The only basic difference is how a waiter is paid versus all of those other jobs. I’ve traveled worldwide and I would much rather pay a higher flat rate than enter some vague social contract with a complete stranger and try to assess if they did a job deserving of 13.5% or 18.5%. Let the management watch the staff and punish or fire jerks as they see fit. It probably won’t affect my bottom line any and if nothing else it will end the “$4 afternoons vs $250 weekend dinner” debate once and for all. Like all of the jobs mentioned above, waitstaff would be paid based on hours worked (sometimes earning a lot of money per customer, sometimes earning next to nothing per person), they would have an expected income and they would pay taxes on all of their earnings, just like everyone else. I don’t expect this to happen because the only people served by it are the customers, I would expect that both the restaurant and the waiters realize the best deal they could hope for is the one we’ve already got.

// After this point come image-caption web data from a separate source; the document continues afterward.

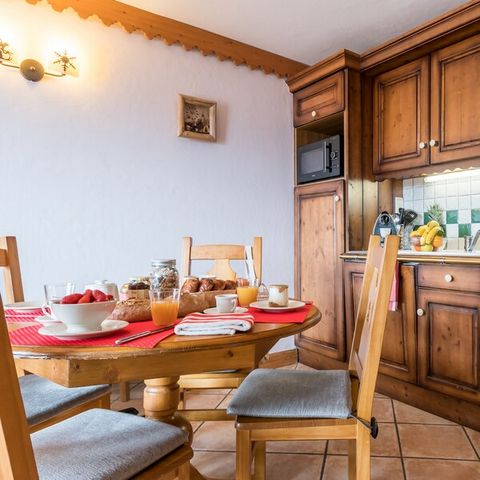 Appartement 5 personnes - 1 chambre - 1 coin - Nuit - Balcon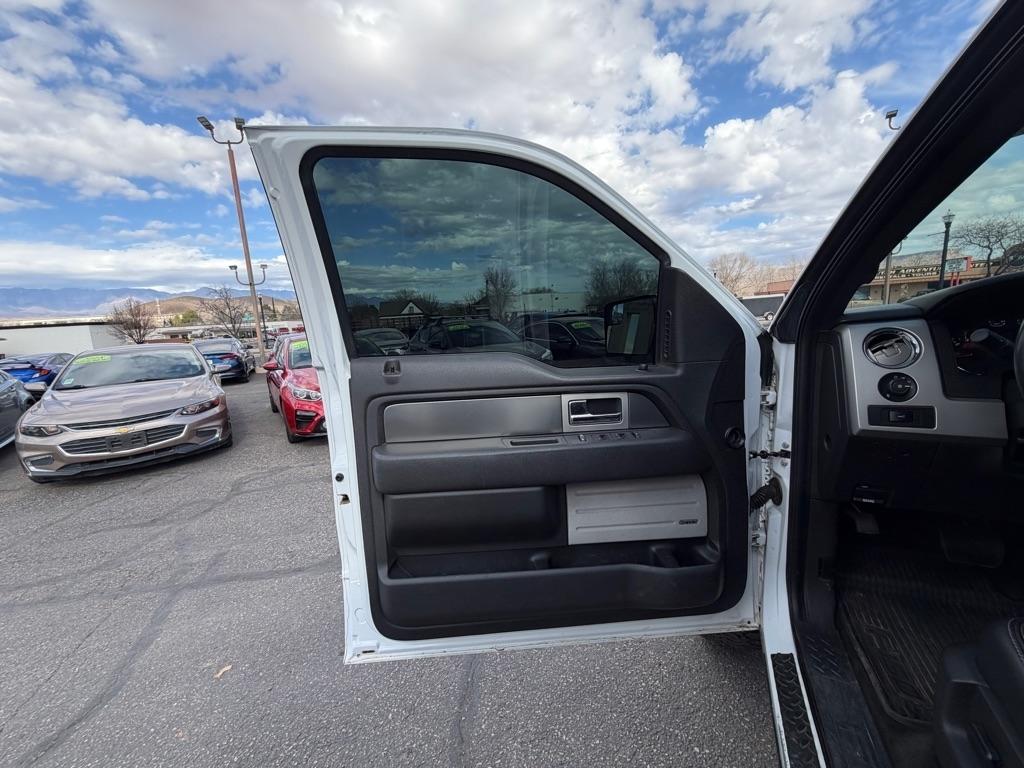 Ford F-150 FX4 SuperCrew 5.5-ft. Bed 4WD 2014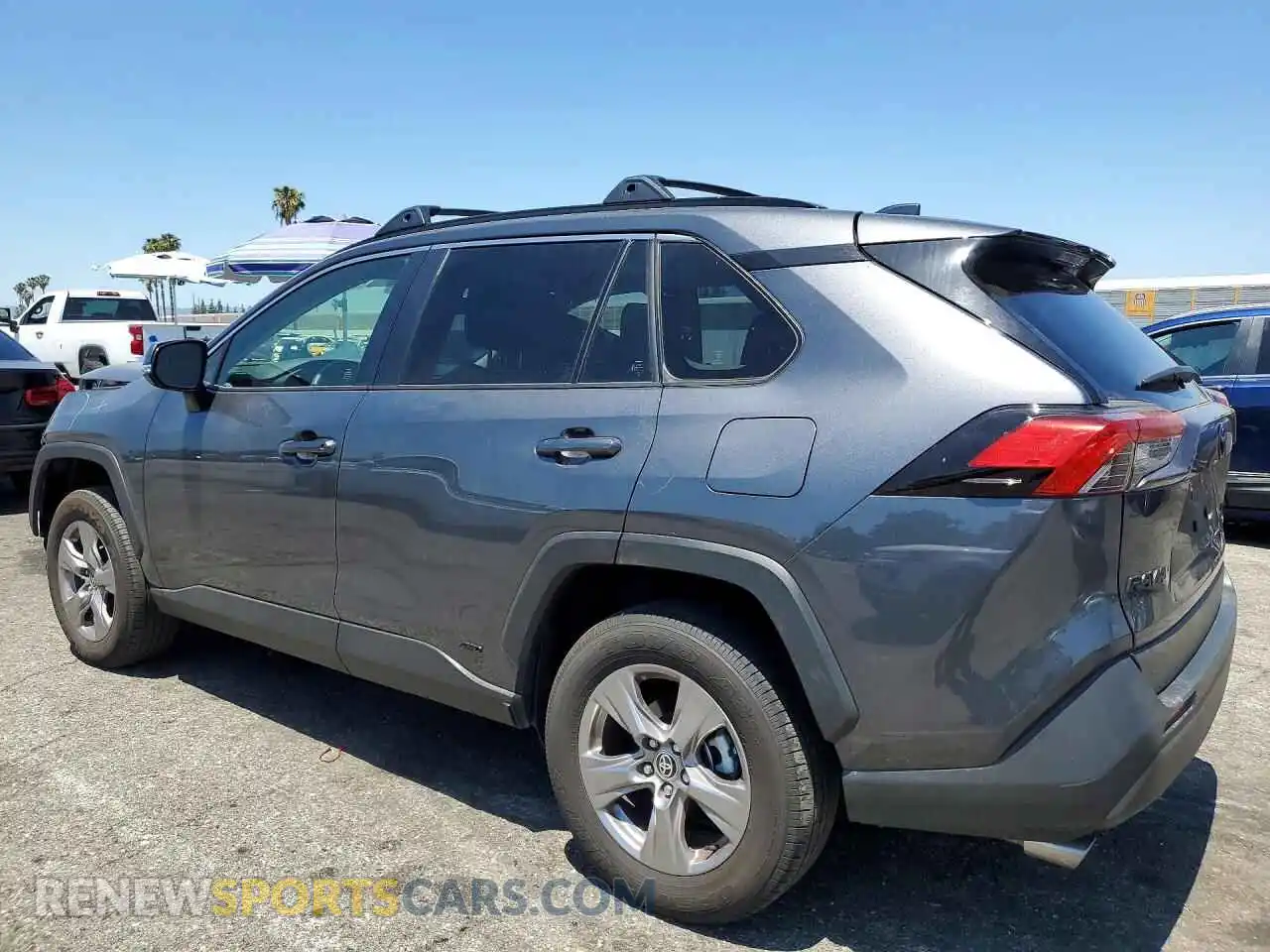 2 Фотография поврежденного автомобиля JTMMWRFV3SD337913 TOYOTA RAV4 2025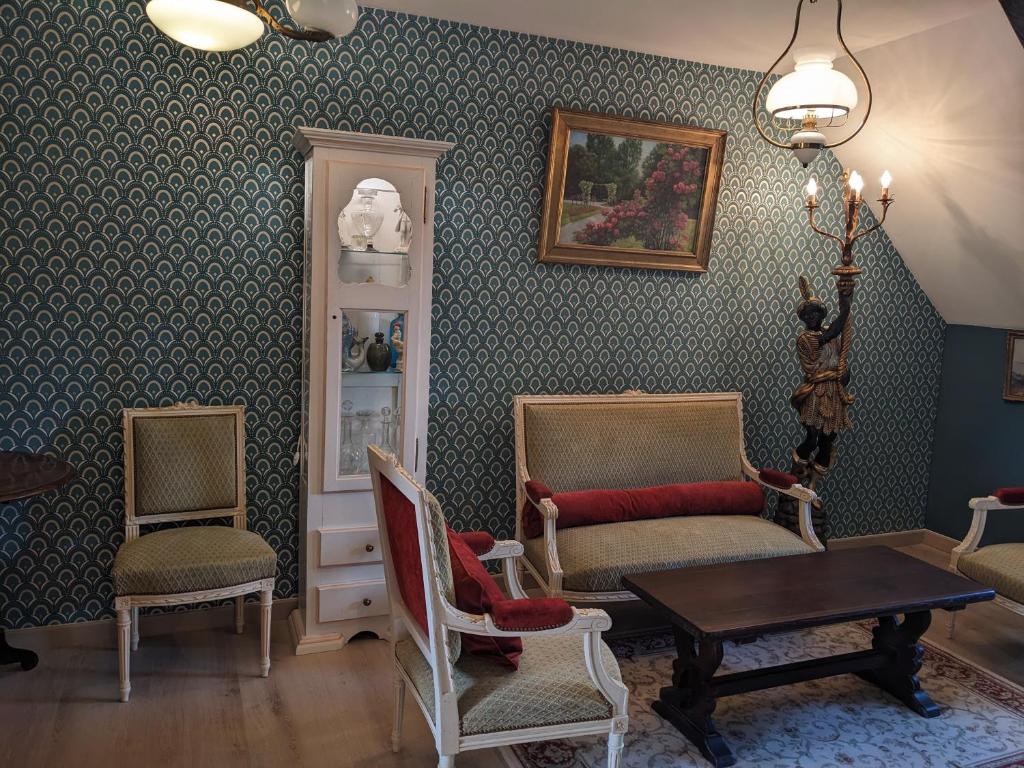 Posezení v ubytování Auberge des Trains Mythiques Chambres d'hôtes à Gouarec au pied de la Vélodyssée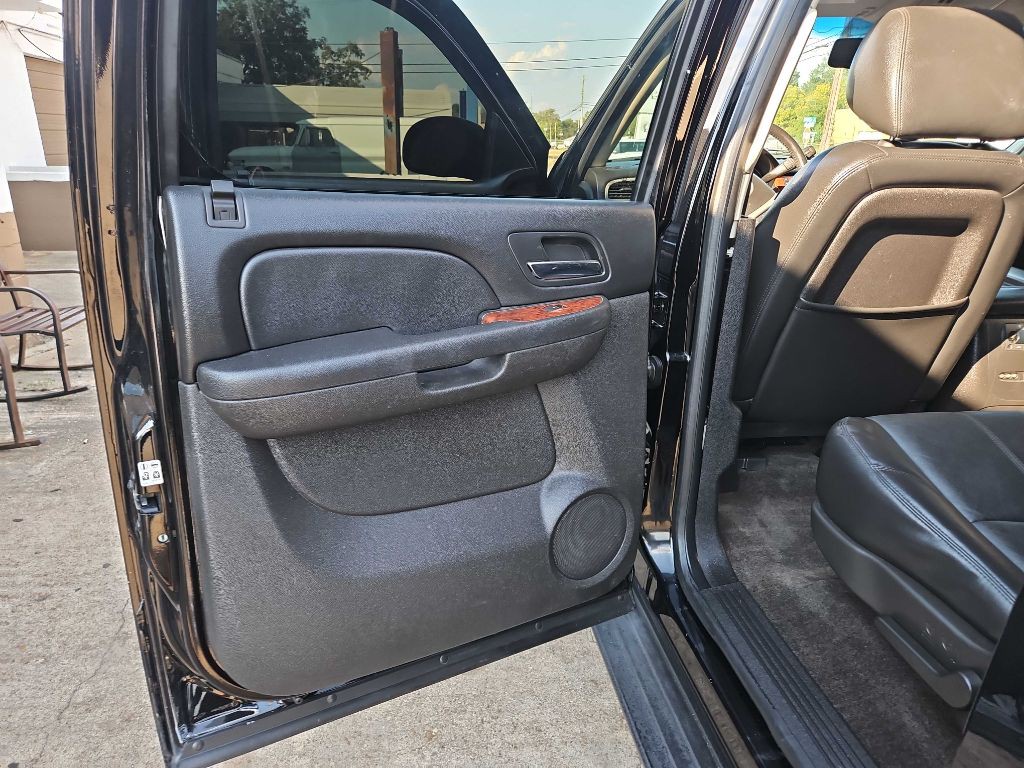 2014 Chevrolet Suburban Image 12
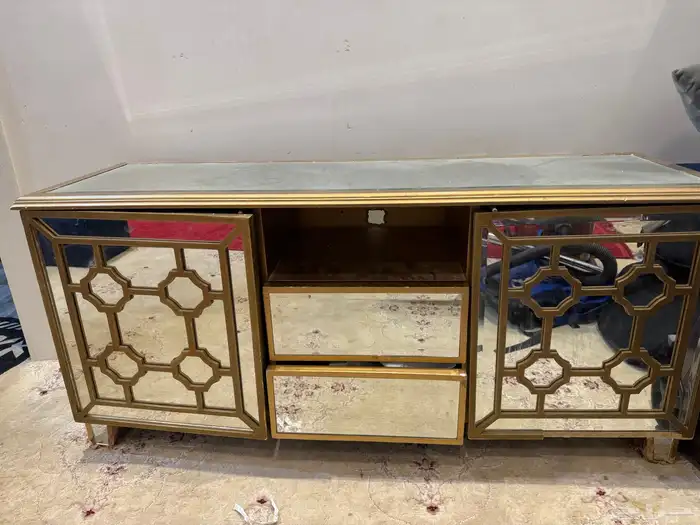 طاولة تلفزيون او بوفيه 0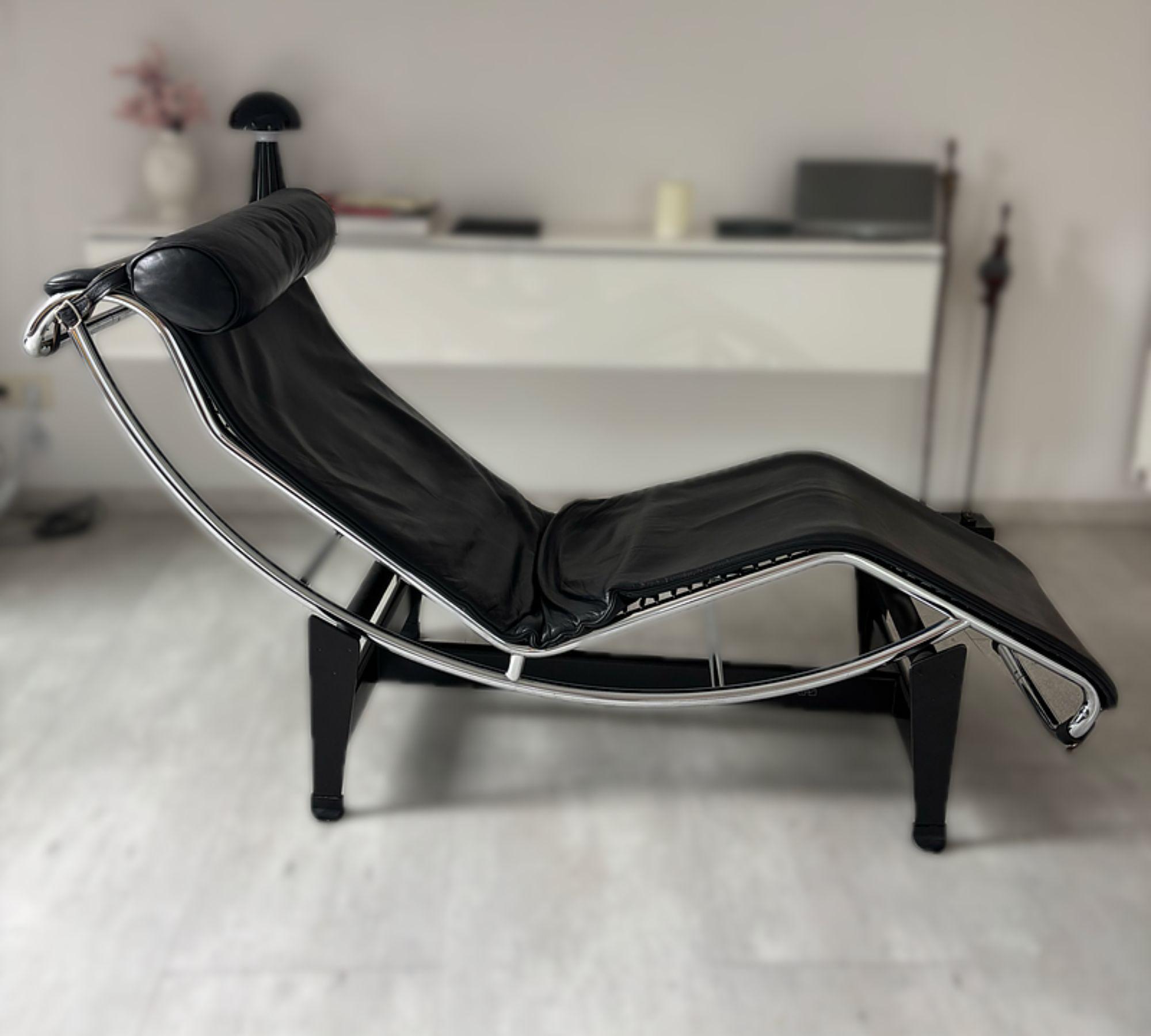 LC4 Chaiselongue Liege Leder 7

To say nothing of the disparity they suffer from the prices on the menu (which the waitstaff obviously don’t have any say in). Why does a mediocre waiter at a 100 dollar meal deserve 10% while the waitress busting her ass at Ihop might hope to get 20% on her 20 dollar tab? If anything, I would think that most of my money is going to the food items and the chef to cook them, since that’s the main reason to go out to a nicer dinner. No one would pay 100 dollars for Denny’s quality food, no matter how well garnished and presented it was or how many wines the server had personally tasted. That’s not the reason I go out to eat, at least.